There is the Executor interface in Java, and my expectation that there is a trait in Rust.
Nope, at least not in std
. Traits in Rust are not used like interfaces Java. Concrete types are used rather than interfaces in many cases, because Rust (generally) prefers monomorphization over dynamic dispatch. So you will find much heavier use of interfaces in Java.
Thanks for the clarification.
The general role is conceptually present in Rust, with the same name even, but since futures are not "running" until polled there's no need to separate a "task" interface that starts the future or a way to abstract the thing that starts it. Just pass the Future instance around until it gets to the executor's spawn()
API (or equivalent)
A trait that plays a similar intended role to Executor
in Java is futures::task::Spawn
(for async code). However, I have not seen any async runtimes other than futures
’ own actually implement the Spawn
trait; they all just have spawn()
inherent methods or functions somewhere.
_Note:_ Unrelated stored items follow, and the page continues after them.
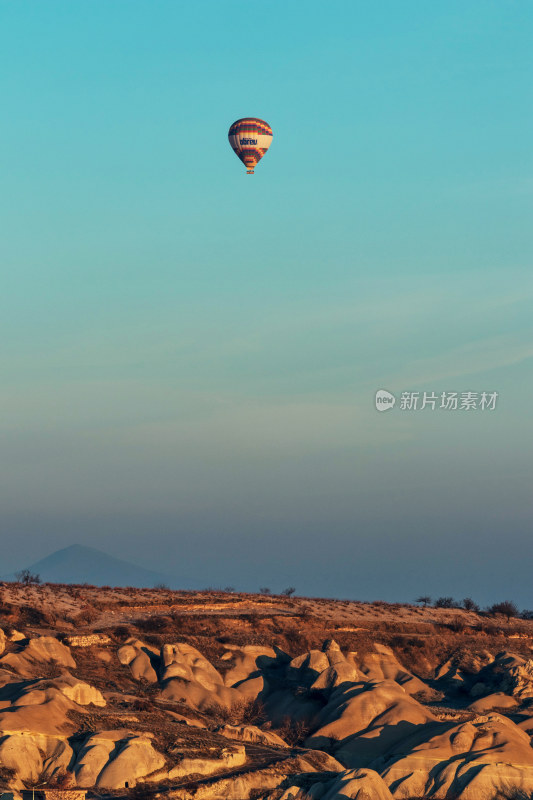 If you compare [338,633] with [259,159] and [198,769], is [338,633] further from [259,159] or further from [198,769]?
[259,159]

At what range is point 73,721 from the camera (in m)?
46.1

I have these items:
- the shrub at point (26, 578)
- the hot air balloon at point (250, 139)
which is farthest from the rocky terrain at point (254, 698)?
the hot air balloon at point (250, 139)

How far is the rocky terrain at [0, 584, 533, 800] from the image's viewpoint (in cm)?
4278

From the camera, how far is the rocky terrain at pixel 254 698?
42.8 metres

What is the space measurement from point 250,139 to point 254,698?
66.0m

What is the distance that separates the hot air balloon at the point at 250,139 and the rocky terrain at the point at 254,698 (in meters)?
48.0

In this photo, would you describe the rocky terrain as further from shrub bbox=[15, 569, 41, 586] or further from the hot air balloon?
the hot air balloon

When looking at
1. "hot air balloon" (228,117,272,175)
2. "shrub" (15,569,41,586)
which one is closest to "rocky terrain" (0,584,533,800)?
"shrub" (15,569,41,586)

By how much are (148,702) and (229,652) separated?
1602 cm

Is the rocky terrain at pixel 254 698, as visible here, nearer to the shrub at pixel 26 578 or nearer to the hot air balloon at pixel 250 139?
the shrub at pixel 26 578

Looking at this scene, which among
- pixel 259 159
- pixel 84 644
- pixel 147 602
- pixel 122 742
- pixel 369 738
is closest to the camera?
pixel 122 742

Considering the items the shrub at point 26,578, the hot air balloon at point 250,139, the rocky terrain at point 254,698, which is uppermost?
the hot air balloon at point 250,139

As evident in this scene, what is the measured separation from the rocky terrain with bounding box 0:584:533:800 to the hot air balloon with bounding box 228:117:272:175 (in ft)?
158

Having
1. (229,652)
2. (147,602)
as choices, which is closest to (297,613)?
(147,602)
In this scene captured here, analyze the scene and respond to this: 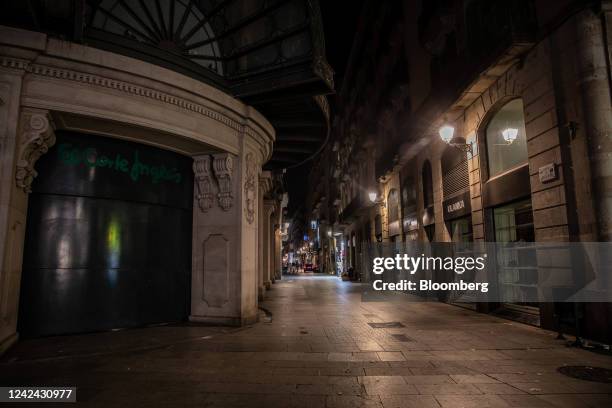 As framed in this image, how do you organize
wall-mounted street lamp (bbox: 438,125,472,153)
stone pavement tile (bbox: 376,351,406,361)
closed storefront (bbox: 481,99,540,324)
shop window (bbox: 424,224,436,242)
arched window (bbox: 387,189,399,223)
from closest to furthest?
stone pavement tile (bbox: 376,351,406,361)
closed storefront (bbox: 481,99,540,324)
wall-mounted street lamp (bbox: 438,125,472,153)
shop window (bbox: 424,224,436,242)
arched window (bbox: 387,189,399,223)

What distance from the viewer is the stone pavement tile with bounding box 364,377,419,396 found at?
4.63 m

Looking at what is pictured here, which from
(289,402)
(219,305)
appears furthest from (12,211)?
(289,402)

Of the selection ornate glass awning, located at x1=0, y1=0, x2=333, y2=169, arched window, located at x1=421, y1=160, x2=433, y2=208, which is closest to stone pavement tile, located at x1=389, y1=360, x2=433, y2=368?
ornate glass awning, located at x1=0, y1=0, x2=333, y2=169

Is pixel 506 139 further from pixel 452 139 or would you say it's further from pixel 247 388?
pixel 247 388

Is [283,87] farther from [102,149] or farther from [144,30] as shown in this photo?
[102,149]

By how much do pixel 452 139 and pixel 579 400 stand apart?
1067cm

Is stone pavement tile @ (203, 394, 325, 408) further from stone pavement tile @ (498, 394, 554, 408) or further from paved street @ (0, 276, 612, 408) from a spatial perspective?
stone pavement tile @ (498, 394, 554, 408)

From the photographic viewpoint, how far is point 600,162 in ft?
25.4

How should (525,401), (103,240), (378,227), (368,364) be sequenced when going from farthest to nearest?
(378,227)
(103,240)
(368,364)
(525,401)

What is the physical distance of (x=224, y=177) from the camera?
9.74 meters

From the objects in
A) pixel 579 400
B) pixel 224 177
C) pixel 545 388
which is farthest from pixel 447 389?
pixel 224 177

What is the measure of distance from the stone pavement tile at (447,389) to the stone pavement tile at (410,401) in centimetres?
21

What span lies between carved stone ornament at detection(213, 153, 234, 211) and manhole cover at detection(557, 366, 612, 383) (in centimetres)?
736

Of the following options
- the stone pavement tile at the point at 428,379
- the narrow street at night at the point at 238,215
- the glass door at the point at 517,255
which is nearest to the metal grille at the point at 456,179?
the narrow street at night at the point at 238,215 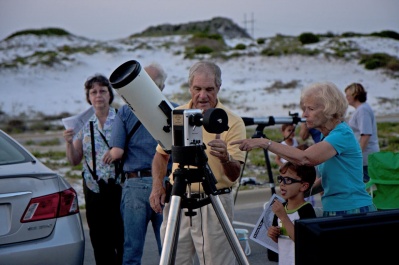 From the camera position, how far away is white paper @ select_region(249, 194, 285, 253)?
478cm

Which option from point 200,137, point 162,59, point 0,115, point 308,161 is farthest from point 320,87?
point 162,59

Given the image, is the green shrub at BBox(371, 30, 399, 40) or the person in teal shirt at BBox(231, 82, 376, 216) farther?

Thread pools, similarly, have their own particular ways to run tasks on them.
Executor
uses Runnable
, which is blocking, and it's meant to start regular OS threads.
Rust has impl FnOnce() + Send
or impl FnMut() + Send
for Runnable
, and Executor.execute
is std::thread::spawn
or thread::Builder
if you must have an instance. In Rust the thread spawning is implemented using concrete types, since there was no need for any extra abstraction layer there.
Let me digest what you said and see if I can come to a similar solution in Rust.